Earlier in the week, the FA released information pertaining to the EPPP (Elite Player Performance Plan). As I am sure many of you will know our club did rather well in the independent audit of Bodymoor Heath and our development plans.

The club released a statement saying:

“Aston Villa has secured Category One status for our Academy following an independent audit of the Club’s youth development programmes, which forms part of the Barclays Premier League Elite Player Performance Plan (EPPP).
In addition to achieving the highest status of the EPPP, the Aston Villa Academy has also emerged as the No.1 ranked Academy in the country.”

This is not only a nice bit of PR for the club, but the Category 1 status also means Villa can now offer contracts and sign schooboys from anywhere in the UK. However, this also means United, Arsenal, Chelsea ect can sign these players too.

A sign of the pull of Bodymoor was most recently seen when we signed a highly rate 16 year old Swedish player with reports suggesting Hamburg, Fulham, Arsenal, Juventus and Valencia had all courted the young player but he opted for the Villa for two reasons. The first being the facilities, about which he said:

“Their academy is the best of those I was with. I feel that I can best develop here”

But the other consideration though is the one that will help the club most in the future to attract players – a philosophy from the football club to build from within where possible.

If young footballers can see others getting chances are our club now, then it will only encourage players to come to Villa.

True, many of them might see Villa as a stepping stone, they may see their future at a Chelsea or United but if that means a £15-20m transfer fee coming to Villa than it’s better than nothing, but there is nothing to say we can’t grow to meet the expectations of the player.

So this is all good news for Villa, right? I’m not so sure because while the stats of the Villa academy stack up against any club in the Premier League, I still feel a lot of our boys never reached their full potential.

United can make Phil Neville in to a very decent player, yet we get a hugely talented player like Lee Hendrie and his talent goes unfulfilled. This can be put down to the players attitude of course, but surely the club and it surroundings have an effect on how a player grows?
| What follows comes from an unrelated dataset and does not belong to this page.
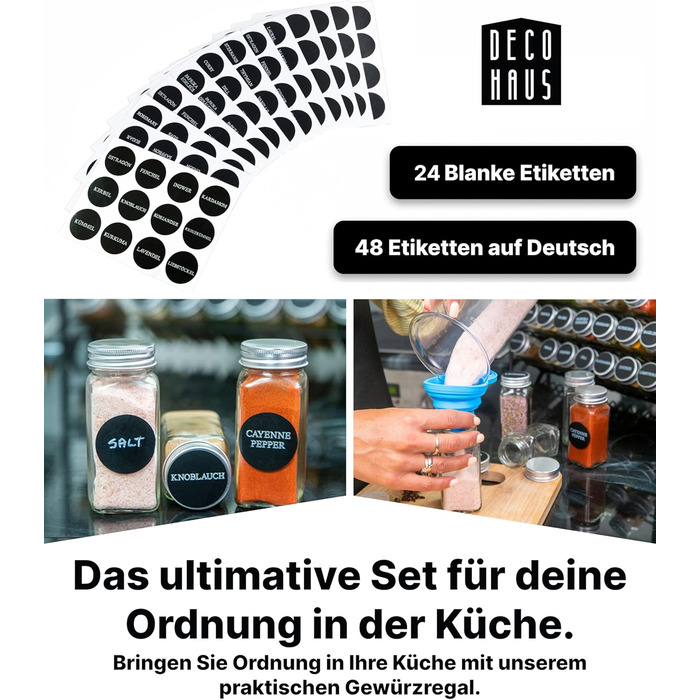 Підставка для спецій дворівнева з 12 баночками, чорна Deco haus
You’d like to think so anyway, right?

So while I am positive our academy can produce technically proficient players who can play football, and although the club gets the young footballers in to community schemes and keeps them grounded, the club does seem to miss out a big chunk of their development into professionals in my opinion – that is how to be a professional, and what it means to be professional. You can call it “competitive edge” or a will to win, but it all means you must continue to improve – I am concerned that there is a huge lack of know-how and experience of competitive football before being thrust upon the first team.

Add into that the expectation from fans for players to hit the ground running and perform in one of the toughest leagues in the world. In order for players to survive, then maintaining the young lads confidence throughout this progress is key, and the huge leap from reserve to Premier League football undermines this.

Look how Craig Gardner has developed with games at Sunderland, or how Gary Cahill did at Bolton.

Look how Luke Moore was wrapped in cotton wool then thrust upon the first team with ability but no know how – we’ve repeated this mistake time and time again.

We give the youngsters the skills but none of the tools to do the job. Bobby Charlton’s autobiography is an eye opener as to how coaching has changed. Coaching nowadays seems to be concentrated on the technique of the ball, but what about the knowledge of what to do with the ball? You know what I mean – how best to progress your game and make use of your particular talents.

Charlton refers to his coaches and mentors of his game, this is an element that I do feel we miss out on, our youth players are always very green and naive when entering the first team environment.

So let’s hope the club has learned from its continued mistakes in the past. We must send the lads out on loan, as player development is far more important than youth team success, be that domestic or European.

We need to find lower league teams where we can develop our players with that have similar principles to our first team. Teams such as Swindon, Brentford, or Brighton who would be able to utilize our youth.

Doing this would give a gradual exposure and development of players, not just throwing them in the deep end and expecting them to swim after telling them they’re the best for three or four years. Why not throw them in the shallow end, where they will be better players, but will have to learn quickly around older, wiser, professionals.

Fingers crossed we can see players like Jack Grealish, Jordan Graham, Michael Drennan, Benjamin Siegrist, Gary Gardner, and Samir Carruthers beginning to make the step up more gradually and, just maybe, then we can begin to see players fulfilling their potential, ie entering the pitch with the skills and the tools to use them.

People who have been critical of Bannan should now start to see how he is becoming far more canny and selective of his “Hollywood” balls – he is working harder and most importantly his positional sense when off the ball has improved no end this season. I expect to start seeing further development under Lambert of all the young players he rates.

How do you think Villa cope with their youth player development?

Do you think that they are being given the skills to be a professional but then not giving them the tools to enable to use their skills on the field? Football is played with the feet and in the head – we must do the best to train both.